Don't forget, when "Star Trek" (TOS) came out in 1966, it was pretty much a bust. Our "instant gratification" society these days isn't even willing to give a show (even a good one, if any do indeed exist on American television) much of a chance.
[OTOH, at least now there's DVD for those of us who need a fix of the older shows that were flashes-in-the-pan. Now, where is my collection of Season 1 of "Wild Wild West"?]
Linda
4.Oct.2006 12.54pm
http://www.brilliantbutcancelled.com/
i miss my "sons & daughters"
4.Oct.2006 2.01pm
Linda, I guess that means I either have to design a "Reality" typeface or do a retro of Trajan :-)
ChrisL
4.Oct.2006 3.29pm
.
4.Oct.2006 3.30pm
Paul, I'm a little stranged-out by a website lamenting flash-in-the-pan stuff that has ads for the new shows, aren't you? ;-)

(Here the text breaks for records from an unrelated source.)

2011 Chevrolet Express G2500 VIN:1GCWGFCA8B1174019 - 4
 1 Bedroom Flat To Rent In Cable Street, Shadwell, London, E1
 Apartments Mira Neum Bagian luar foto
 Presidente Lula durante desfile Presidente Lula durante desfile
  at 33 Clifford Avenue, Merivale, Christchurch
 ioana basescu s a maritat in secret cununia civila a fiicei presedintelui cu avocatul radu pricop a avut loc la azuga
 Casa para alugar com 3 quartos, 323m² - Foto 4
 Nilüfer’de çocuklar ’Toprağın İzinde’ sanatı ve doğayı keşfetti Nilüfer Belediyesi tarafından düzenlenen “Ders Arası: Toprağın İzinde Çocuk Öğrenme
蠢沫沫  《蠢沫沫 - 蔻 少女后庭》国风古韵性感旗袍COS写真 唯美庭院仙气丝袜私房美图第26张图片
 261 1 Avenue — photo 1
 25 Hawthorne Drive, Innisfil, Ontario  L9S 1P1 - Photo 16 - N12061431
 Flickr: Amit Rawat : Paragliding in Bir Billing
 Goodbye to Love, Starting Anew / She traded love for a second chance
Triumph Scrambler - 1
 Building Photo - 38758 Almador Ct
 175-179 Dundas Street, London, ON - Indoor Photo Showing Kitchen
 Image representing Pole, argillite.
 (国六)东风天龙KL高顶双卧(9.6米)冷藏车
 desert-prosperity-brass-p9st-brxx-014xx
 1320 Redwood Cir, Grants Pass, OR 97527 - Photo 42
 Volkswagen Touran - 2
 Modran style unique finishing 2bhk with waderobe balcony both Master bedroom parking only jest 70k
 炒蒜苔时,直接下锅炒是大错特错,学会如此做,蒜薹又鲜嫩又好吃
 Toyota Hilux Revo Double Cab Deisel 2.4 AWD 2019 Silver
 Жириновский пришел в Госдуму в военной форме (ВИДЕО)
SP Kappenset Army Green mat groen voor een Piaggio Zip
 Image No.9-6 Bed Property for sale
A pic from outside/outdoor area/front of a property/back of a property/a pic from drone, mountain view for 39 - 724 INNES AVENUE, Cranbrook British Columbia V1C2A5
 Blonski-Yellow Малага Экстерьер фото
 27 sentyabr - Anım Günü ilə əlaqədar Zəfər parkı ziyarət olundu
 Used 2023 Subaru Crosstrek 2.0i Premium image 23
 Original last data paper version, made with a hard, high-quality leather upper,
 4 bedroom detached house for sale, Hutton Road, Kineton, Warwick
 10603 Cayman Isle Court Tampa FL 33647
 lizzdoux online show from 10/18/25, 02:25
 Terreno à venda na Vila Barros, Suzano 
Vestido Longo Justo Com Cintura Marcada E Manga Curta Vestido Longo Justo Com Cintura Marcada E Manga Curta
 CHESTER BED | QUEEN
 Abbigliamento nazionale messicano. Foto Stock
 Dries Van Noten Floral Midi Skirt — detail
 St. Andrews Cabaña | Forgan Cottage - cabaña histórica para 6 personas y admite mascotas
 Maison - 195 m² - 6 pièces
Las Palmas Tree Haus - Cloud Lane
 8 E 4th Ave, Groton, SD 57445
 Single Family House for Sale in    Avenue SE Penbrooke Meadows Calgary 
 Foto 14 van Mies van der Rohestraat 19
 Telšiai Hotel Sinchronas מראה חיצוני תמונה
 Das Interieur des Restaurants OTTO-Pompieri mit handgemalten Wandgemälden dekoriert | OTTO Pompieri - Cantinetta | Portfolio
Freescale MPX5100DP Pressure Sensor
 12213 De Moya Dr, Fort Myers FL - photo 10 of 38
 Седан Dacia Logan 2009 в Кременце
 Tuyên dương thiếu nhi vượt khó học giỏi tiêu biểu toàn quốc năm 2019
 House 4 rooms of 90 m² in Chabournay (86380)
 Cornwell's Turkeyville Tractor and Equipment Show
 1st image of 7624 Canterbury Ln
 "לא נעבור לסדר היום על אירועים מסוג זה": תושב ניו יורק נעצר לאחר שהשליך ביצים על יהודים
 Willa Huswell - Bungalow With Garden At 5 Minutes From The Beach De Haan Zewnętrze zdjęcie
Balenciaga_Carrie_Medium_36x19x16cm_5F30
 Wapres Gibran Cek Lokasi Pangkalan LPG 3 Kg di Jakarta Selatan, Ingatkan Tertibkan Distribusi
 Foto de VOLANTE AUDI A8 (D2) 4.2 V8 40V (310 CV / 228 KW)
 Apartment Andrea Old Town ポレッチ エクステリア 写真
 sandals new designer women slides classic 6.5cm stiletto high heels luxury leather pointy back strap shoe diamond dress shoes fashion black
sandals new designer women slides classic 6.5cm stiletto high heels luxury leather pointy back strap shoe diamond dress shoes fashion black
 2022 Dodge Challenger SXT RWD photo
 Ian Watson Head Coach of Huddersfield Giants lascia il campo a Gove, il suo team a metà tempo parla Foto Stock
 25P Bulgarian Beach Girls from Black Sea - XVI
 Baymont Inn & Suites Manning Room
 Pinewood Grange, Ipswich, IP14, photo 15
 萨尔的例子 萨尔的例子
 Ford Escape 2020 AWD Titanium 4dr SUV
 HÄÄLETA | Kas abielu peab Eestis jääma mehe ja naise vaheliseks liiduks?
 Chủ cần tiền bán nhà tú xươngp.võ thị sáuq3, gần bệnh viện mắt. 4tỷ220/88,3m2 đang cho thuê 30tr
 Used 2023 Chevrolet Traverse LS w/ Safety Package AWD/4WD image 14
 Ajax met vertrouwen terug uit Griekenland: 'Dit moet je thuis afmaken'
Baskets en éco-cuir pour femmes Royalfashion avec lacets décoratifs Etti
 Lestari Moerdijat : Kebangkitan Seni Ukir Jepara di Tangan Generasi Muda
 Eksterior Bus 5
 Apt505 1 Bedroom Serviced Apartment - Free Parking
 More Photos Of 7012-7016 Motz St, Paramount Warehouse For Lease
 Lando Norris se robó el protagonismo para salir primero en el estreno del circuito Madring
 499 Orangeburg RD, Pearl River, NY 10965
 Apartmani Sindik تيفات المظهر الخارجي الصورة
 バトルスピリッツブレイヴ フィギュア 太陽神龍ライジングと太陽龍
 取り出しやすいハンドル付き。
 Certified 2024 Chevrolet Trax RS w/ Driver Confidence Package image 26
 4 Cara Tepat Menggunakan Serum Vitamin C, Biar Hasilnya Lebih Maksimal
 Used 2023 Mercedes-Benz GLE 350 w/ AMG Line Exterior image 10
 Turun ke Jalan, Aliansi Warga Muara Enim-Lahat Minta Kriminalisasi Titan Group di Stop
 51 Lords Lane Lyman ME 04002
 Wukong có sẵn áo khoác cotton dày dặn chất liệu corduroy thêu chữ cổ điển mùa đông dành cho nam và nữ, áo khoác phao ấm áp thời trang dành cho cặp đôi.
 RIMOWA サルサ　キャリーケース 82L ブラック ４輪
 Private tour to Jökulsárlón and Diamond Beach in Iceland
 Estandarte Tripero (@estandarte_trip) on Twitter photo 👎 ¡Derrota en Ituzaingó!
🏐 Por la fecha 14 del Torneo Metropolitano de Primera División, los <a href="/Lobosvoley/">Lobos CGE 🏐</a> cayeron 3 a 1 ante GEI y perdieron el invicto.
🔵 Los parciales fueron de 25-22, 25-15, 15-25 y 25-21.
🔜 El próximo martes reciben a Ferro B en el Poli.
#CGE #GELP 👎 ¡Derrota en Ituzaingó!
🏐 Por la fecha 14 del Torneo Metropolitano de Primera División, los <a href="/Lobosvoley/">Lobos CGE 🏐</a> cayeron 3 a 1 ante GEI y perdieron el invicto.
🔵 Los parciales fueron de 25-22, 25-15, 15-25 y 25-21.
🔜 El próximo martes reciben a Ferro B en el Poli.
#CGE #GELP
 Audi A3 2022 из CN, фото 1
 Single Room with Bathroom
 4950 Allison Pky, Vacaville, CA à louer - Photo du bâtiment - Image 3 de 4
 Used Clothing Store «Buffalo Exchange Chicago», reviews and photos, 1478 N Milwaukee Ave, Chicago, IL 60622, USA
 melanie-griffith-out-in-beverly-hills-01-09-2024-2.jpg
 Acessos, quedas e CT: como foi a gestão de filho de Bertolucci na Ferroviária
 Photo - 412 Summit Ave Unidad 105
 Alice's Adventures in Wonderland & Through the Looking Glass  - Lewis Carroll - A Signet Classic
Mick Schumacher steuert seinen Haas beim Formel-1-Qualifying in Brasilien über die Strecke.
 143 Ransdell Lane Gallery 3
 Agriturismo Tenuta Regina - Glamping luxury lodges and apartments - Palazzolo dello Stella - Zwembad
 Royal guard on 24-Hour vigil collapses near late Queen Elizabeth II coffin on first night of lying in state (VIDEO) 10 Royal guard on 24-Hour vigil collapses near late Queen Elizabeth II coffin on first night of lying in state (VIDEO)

Chris -- Given that even "Survivor" (as the first of the recent crop of "reality" shows) uses a retro typeface, I think you better stick with a remixed Trajan! (rofl)
humming "Everything Old is New Again" off into the sunset....
4.Oct.2006 4.03pm
Your font is both good and original; but the part that is good is not original, and the part that is original is not good.
With appologies to the rather stuck-up Samuel Johnson.
4.Oct.2006 5.56pm
dezcom:
"What happens when everybody is retroing prior retros of prior retros?..."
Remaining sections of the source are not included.